Whatever is arising for you this holiday season, what would it feel like to integrate that into your holiday celebration? Your observance doesn’t have to look like anyone else’s. You could curl up alone under a blanket and read a book that comforted you in childhood. You could take a walk outside on a day that matches your mood. You could bring chicken soup to a friend who is struggling, and feel that connection. You could invite some friends or family who would understand to just sit in the dark with you enjoying the flicker of candle light or fire light.

However your holidays unfold for you this year, know that you are never separate from the spirit. Welcome the festive and the difficult alike with an open heart, because the spirit is in all these things.

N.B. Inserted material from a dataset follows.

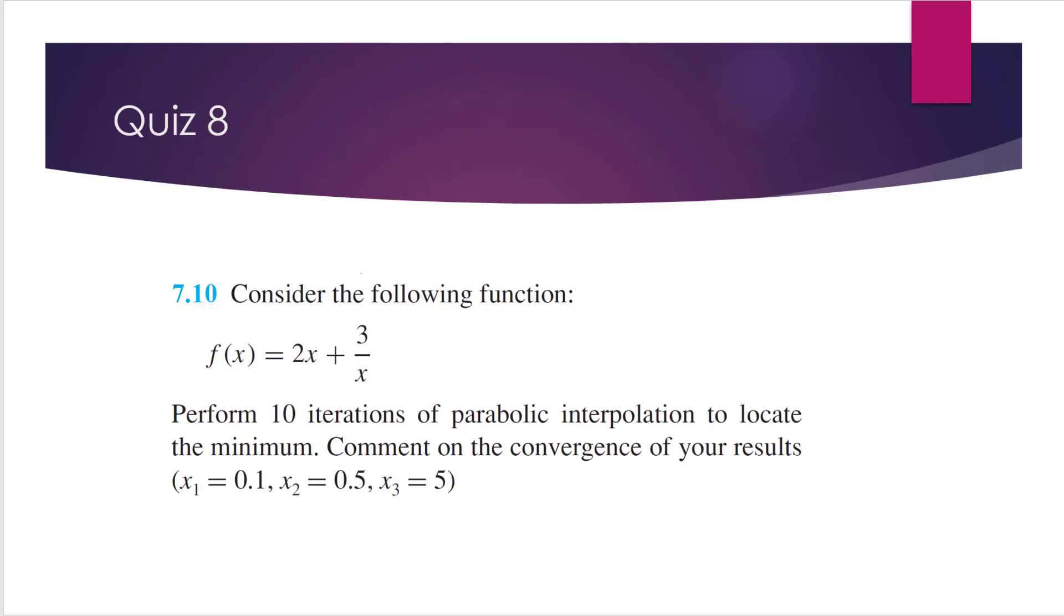So when you comment on the convergence, you can guide the two epsilon constants after each iteration to see if it becomes smaller. And for this question, you can write all the codes in the main file, or you can create a separate function file called para.m, just like we did in the class.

Wednesday, October 31, 2018

Imperfection

Pretty much everyone agrees that humans aren’t perfect. We know this, but still it drives us nuts. Let me speak for myself- I hate not being perfect. I hate that as I sat drinking my morning coffee and thinking back over a meeting I attended last night it occurs to me that I was probably brusque, opinionated and even a little demanding. I have this idea that as a minister I should always be kind, and patient and more interested in other people’s opinions than my own, but as I think back, I fell short of that mark last night. The perfectionist in me has gotten hold of these shortcomings and kept poking at me all morning like a bully on a playground. Finally I faced my inner perfectionist and said “hold it mister, It’s not like I was mean, or rude, or even off topic. I showed up, just as I am, and contributed what I was able to contribute.”

The perfectionist in me imagines a perfect self, holds the real me up in comparison, and usually finds the real me wanting. It’s almost like that imaginary me is more important than the real one. Shouldn’t someone committed to the spiritual journey be perfectly compassionate, patient and giving? Actually, no. No matter how hard we strive, we are still going to be human. Though we may have moments that come close to our vision of how we want to be, mostly we will fall short. If we get too attached to that vision, it keeps us from seeing ourselves as we truly are. We say things like “I wasn’t myself last night” or “that wasn’t me.” Which is funny because there I was, mind body and spirit. Once I give in to the reality of my human imperfection, I can shoot a note off to the chair apologizing for my impatience. Once I really feel the discomfort of that distance between who I am and who I want to be I can sit with that discomfort in prayer, see where it is leading me, change the things I am able to change, and then move on.

One of the lessons I learn over and over -- one of the hardest things to believe on this spiritual journey -- is that God loves me now, as I am, even when I’m impatient. Some part of me believes that really God’s love has to do with that imaginary vision of myself, but the great religious teachers tell us that actually God loves us right now, in this moment, just as we are. That is where the human and the divine meet- in this present moment. God knows we are human. God knows humans aren’t perfect. So the spiritual journey is not about trying to be perfect and failing, the journey is about allowing God’s love into our hearts as often as we are able. When I open my heart to love, I am better able to embody that love in the world. When I am trapped in judgmental perfectionism, that is what I tend to embody in the world. The Journey is about opening ourselves to the spirit not just in the beautiful times when all seems right with the world, but especially in the messy, embarrassing, judgmental, imperfect, human moments of our lives when we need God the most. And when we forget, when we noticing that our inner perfectionist is shutting us down, closing off God’s love, closing off the spirit, that’s okay too. We’re human after all, and humans aren’t perfect. That love is always there when we are ready.